►
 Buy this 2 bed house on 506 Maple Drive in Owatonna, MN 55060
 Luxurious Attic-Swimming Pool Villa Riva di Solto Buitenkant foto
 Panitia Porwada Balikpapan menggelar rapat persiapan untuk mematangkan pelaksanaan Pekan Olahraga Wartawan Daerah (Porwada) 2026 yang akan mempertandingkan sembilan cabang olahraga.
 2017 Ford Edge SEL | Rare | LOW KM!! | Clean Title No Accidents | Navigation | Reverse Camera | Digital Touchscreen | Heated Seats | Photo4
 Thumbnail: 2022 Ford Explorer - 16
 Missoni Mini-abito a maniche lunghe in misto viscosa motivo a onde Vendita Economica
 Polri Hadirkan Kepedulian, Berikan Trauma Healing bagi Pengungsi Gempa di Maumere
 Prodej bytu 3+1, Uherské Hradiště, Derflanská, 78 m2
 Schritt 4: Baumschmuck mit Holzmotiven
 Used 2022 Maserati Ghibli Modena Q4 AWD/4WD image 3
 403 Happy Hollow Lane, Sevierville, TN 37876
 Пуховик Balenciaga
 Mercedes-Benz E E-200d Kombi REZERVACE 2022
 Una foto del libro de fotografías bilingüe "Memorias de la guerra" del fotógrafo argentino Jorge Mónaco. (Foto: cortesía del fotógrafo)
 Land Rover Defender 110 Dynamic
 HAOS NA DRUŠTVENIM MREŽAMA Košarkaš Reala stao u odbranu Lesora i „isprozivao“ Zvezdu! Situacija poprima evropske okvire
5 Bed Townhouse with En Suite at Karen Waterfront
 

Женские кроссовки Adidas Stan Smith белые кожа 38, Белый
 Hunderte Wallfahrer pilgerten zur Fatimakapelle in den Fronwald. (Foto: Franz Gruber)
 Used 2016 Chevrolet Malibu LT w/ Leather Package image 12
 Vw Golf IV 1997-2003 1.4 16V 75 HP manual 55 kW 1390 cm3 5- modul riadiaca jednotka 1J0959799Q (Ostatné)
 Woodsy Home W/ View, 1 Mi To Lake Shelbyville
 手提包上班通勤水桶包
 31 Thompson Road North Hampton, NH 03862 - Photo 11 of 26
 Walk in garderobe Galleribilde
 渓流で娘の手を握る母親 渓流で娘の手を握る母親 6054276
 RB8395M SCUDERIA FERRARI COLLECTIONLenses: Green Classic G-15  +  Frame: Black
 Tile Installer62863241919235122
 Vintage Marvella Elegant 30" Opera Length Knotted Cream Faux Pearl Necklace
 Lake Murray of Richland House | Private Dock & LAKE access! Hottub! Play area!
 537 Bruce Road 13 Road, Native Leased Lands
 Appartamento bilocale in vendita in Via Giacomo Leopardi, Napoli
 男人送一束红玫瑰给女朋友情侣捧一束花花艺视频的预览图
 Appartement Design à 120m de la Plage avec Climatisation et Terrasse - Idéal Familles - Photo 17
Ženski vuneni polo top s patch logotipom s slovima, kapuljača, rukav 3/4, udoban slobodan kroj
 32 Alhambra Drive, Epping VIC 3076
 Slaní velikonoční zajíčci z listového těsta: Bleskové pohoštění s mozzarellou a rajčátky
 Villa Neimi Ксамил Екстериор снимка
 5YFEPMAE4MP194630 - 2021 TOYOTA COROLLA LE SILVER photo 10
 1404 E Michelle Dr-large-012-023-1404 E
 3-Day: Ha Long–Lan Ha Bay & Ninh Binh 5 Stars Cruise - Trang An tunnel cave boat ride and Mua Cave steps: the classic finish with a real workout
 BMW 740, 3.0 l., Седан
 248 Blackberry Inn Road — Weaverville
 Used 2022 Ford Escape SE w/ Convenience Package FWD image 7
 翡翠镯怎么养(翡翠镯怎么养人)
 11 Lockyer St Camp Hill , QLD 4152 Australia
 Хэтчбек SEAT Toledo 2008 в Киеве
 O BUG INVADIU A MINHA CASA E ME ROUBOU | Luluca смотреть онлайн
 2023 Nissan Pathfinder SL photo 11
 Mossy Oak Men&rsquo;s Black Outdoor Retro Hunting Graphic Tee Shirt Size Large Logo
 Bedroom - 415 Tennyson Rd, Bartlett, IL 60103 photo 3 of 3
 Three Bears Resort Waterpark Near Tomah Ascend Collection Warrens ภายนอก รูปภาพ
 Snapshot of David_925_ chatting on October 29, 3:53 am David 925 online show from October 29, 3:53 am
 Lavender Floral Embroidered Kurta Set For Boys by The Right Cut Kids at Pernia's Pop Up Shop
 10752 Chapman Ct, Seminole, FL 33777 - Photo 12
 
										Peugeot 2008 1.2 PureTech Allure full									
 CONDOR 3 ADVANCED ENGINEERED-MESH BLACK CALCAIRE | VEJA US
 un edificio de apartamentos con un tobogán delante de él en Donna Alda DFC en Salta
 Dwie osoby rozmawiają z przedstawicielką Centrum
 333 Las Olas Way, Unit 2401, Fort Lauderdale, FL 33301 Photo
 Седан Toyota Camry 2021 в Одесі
◄
- _Problem to work on_: The lines above that hold the string "Ford" are to be located and copied.

- _Response for this exercise_:
 2017 Ford Edge SEL | Rare | LOW KM!! | Clean Title No Accidents | Navigation | Reverse Camera | Digital Touchscreen | Heated Seats | Photo4
 Thumbnail: 2022 Ford Explorer - 16
 Used 2022 Ford Escape SE w/ Convenience Package FWD image 7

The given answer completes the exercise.